"""

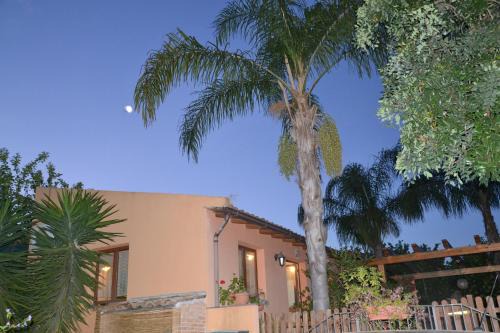 Scillichenti Apartment | Villa Carati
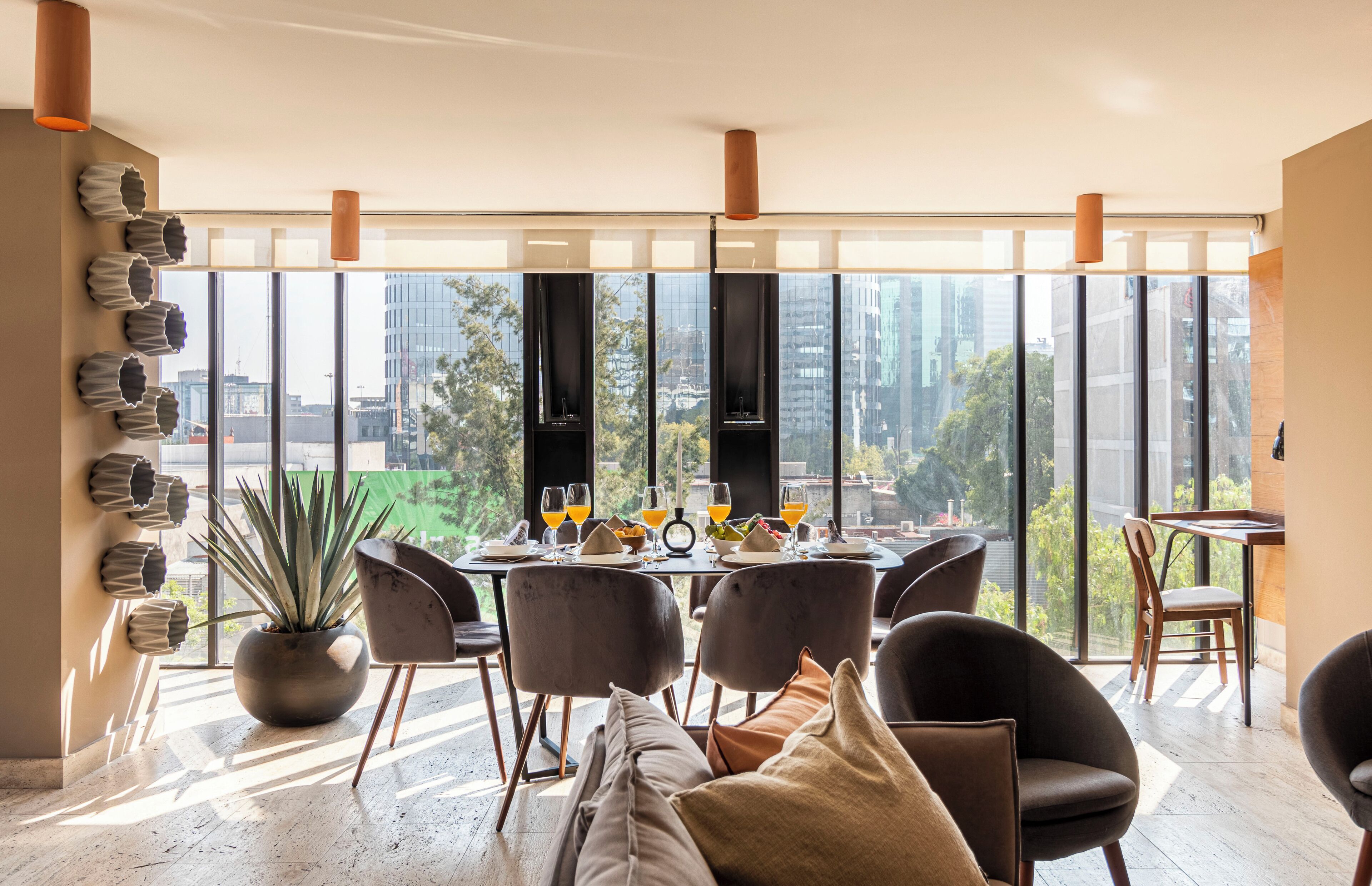 Televisión LED 42 pulgadas con canales de televisión por cable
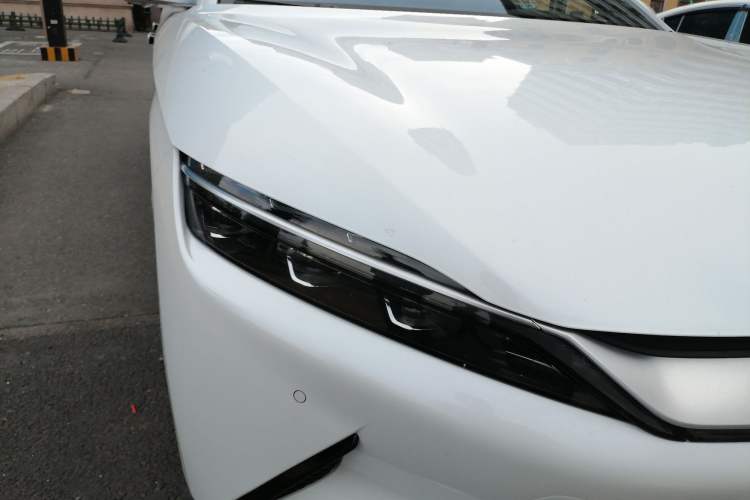 Used BYD Han 2021 EV Standard Range Luxury Model Right Front Headlight
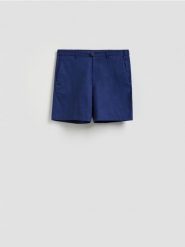 Szorty chino z domieszką lnu - niebieski. Niebieskie szorty męskie Reserved, z bawełny, bez kołnierzyka. Za 129.99 zł.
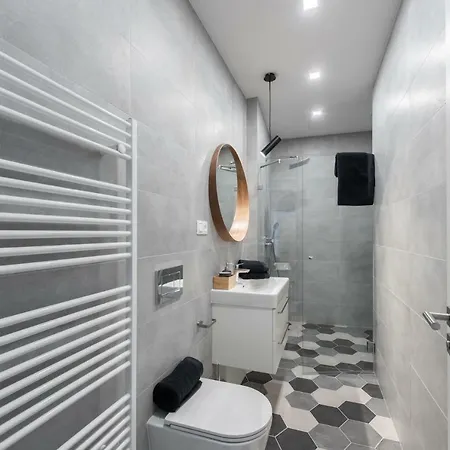 Luxury In Old Town Apartment *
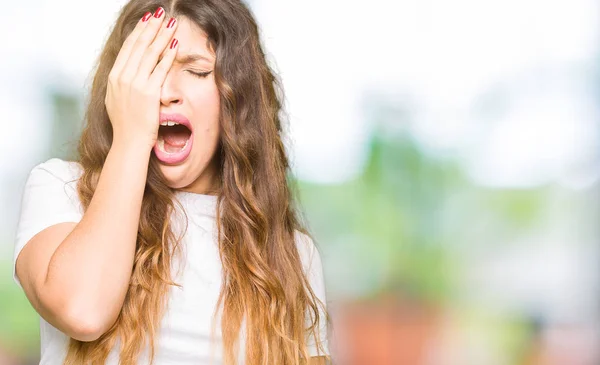 Jeune Belle Femme Portant Shirt Blanc Décontracté Bâillement Fatigué Couvrant — Photo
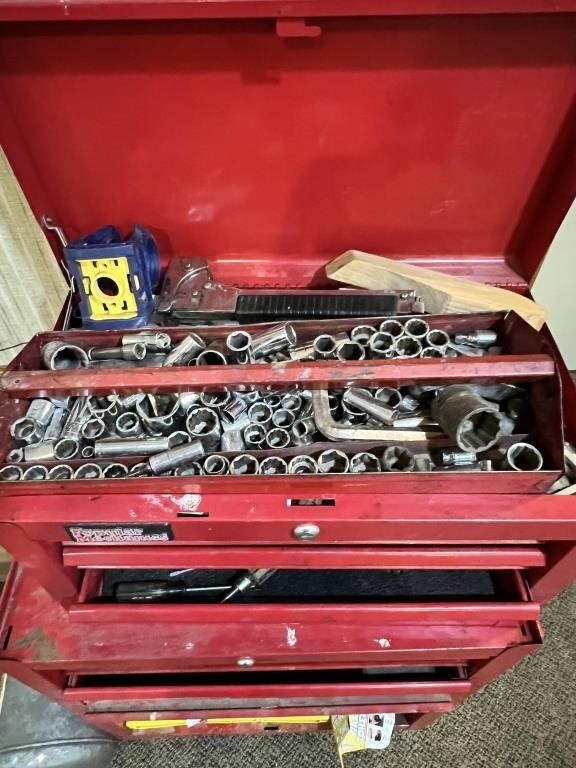 ROLLING TOOL BOX WITH ASSORTED TOOLS, SOCKETS,
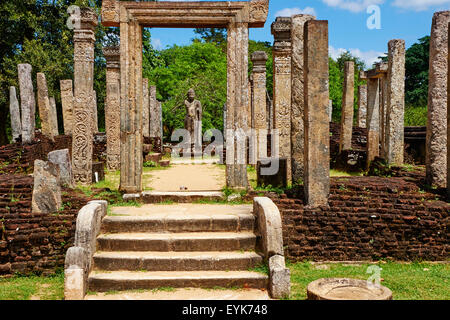 Sri Lanka, Ceylon, Nord provincia centrale e antica città di Polonnaruwa, Sito Patrimonio Mondiale dell'UNESCO, un quadrangolo Hatadage tempio Foto Stock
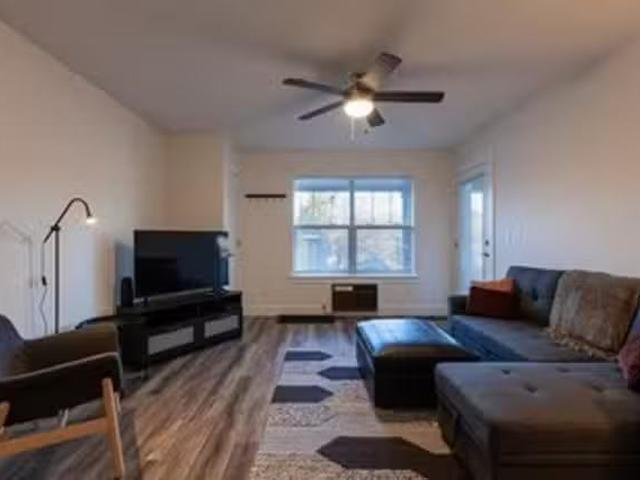 Columbia Gorge Vacation Rentals, 714 Cascade Ave, Hood River.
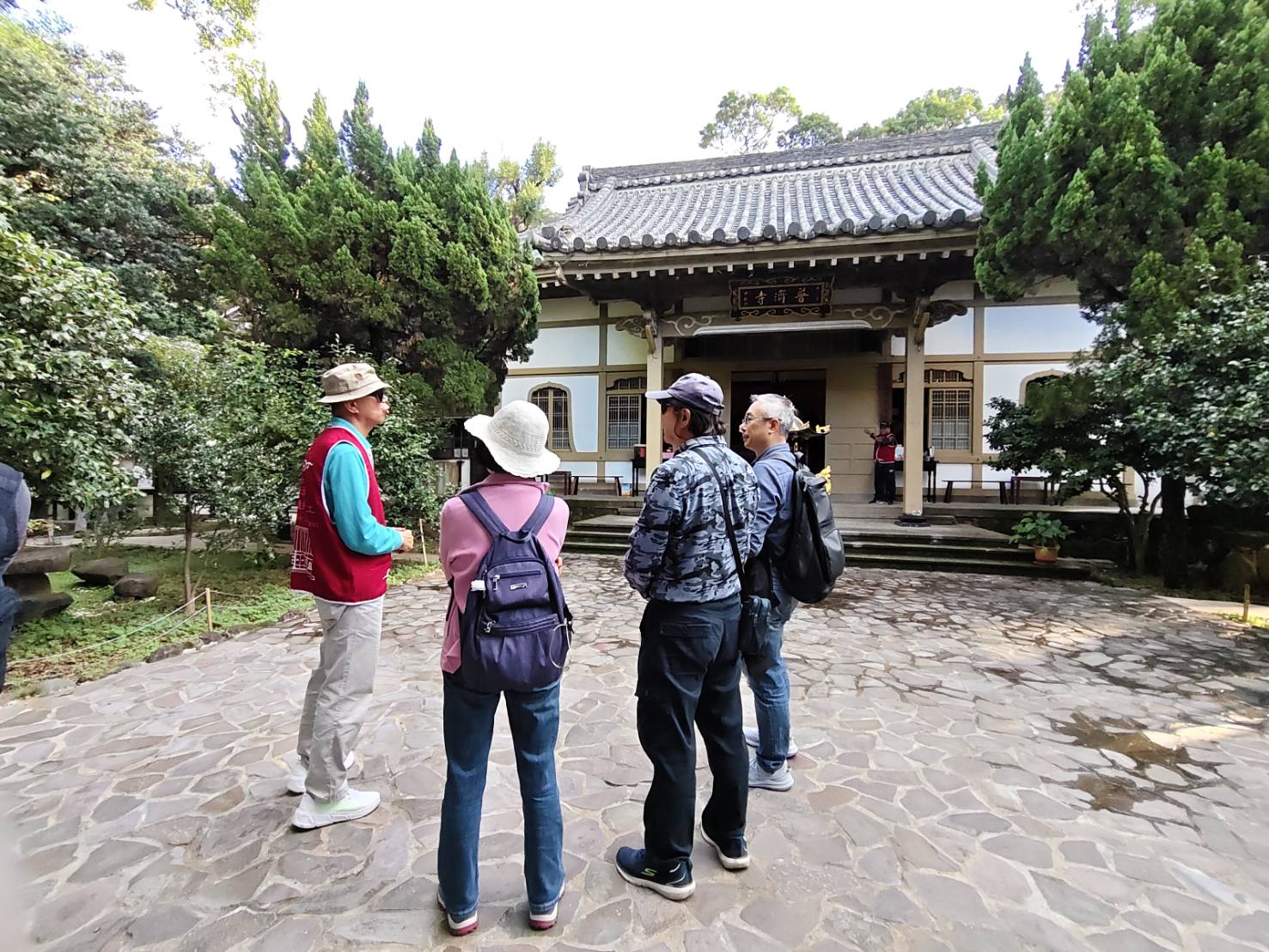很多遊客慕名而來，請陳裕順導覽普濟寺。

"""

Problem description → Output the entries above verbatim, with no picture included.

Answer space →
 Scillichenti Apartment | Villa Carati
 Televisión LED 42 pulgadas con canales de televisión por cable
 Used BYD Han 2021 EV Standard Range Luxury Model Right Front Headlight
 Szorty chino z domieszką lnu - niebieski. Niebieskie szorty męskie Reserved, z bawełny, bez kołnierzyka. Za 129.99 zł.
 Luxury In Old Town Apartment *
 Jeune Belle Femme Portant Shirt Blanc Décontracté Bâillement Fatigué Couvrant — Photo
 ROLLING TOOL BOX WITH ASSORTED TOOLS, SOCKETS,
 Sri Lanka, Ceylon, Nord provincia centrale e antica città di Polonnaruwa, Sito Patrimonio Mondiale dell'UNESCO, un quadrangolo Hatadage tempio Foto Stock
 Columbia Gorge Vacation Rentals, 714 Cascade Ave, Hood River.
很多遊客慕名而來，請陳裕順導覽普濟寺。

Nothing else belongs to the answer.